**DATASET EXCERPTS:**
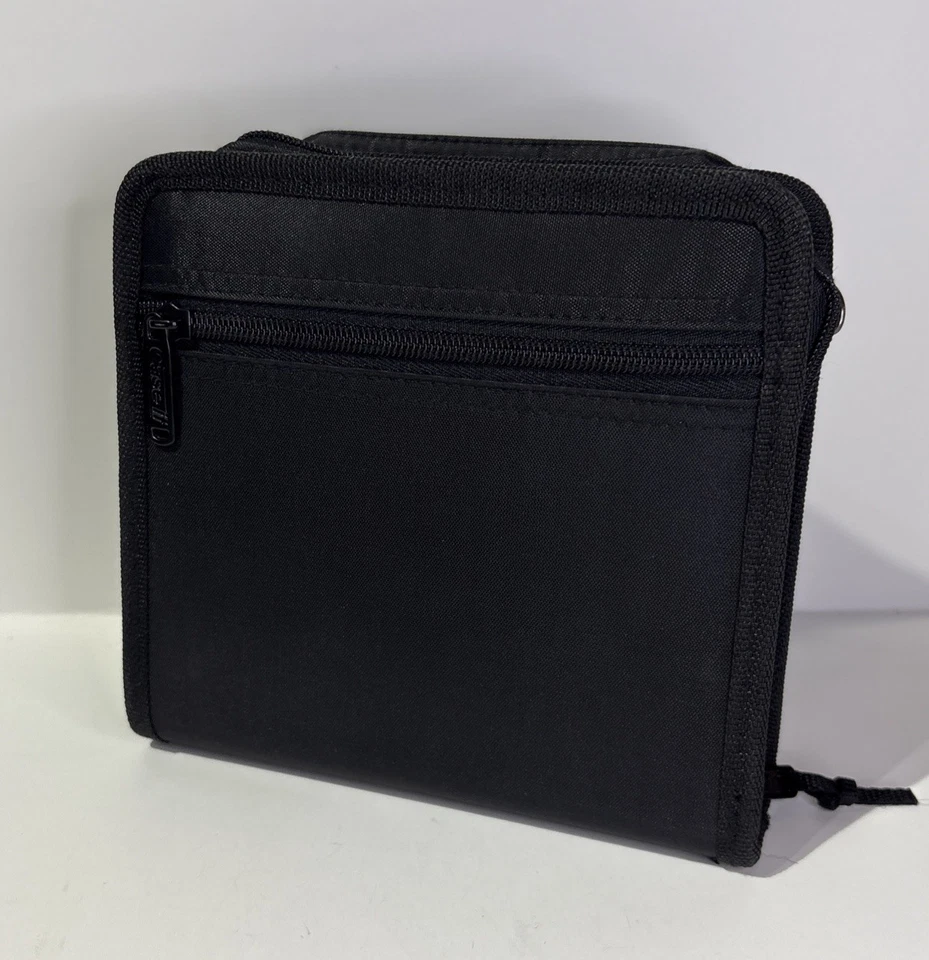 Case It CD Storage Carrier Travel Black Case with Discman Pocket Holds up to 24 - Image 4 of 4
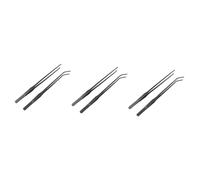 Happyyami 6pcs Aquarium Scissors Extra Long Tweezers Plant Tweezers for Model Making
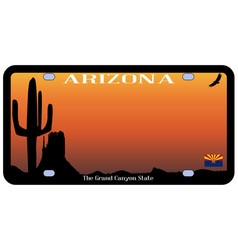 Arizona State License Plate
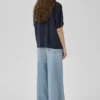 My Essential Wardrobe Mindy polo tee dark sapphir blue - Afbeelding 6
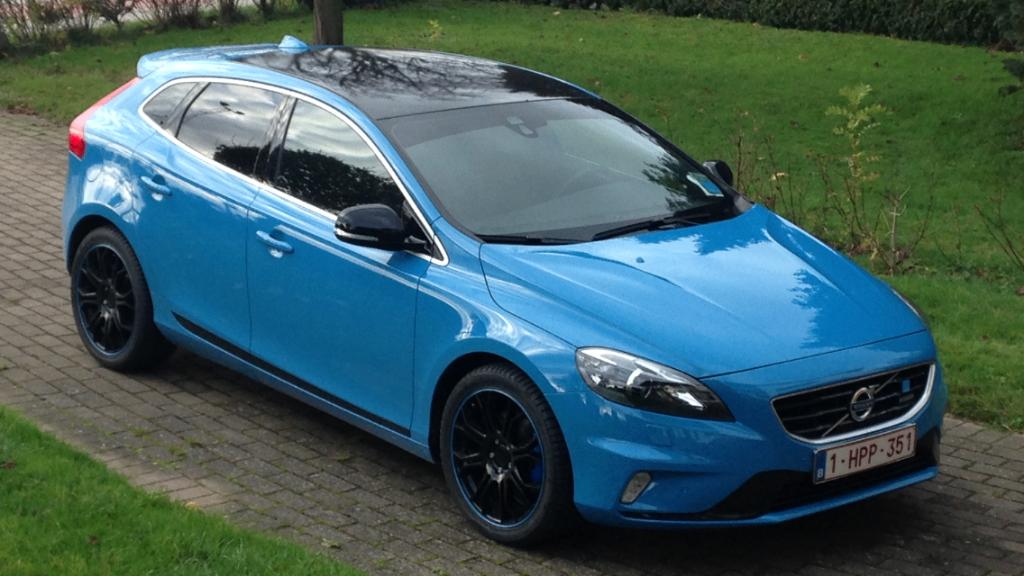 Volvo V40 T4 R-Design, Auto's, Volvo, Voorwielaandrijving, 4 cilinders, Leder, 5 deurs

**ASSIGNED TASK:** The data above is to be printed exactly, all of it, except for the pictures.

**OUTPUT FOR THIS EXERCISE:**
 Case It CD Storage Carrier Travel Black Case with Discman Pocket Holds up to 24 - Image 4 of 4
 Happyyami 6pcs Aquarium Scissors Extra Long Tweezers Plant Tweezers for Model Making
 Arizona State License Plate
 My Essential Wardrobe Mindy polo tee dark sapphir blue - Afbeelding 6
 Volvo V40 T4 R-Design, Auto's, Volvo, Voorwielaandrijving, 4 cilinders, Leder, 5 deurs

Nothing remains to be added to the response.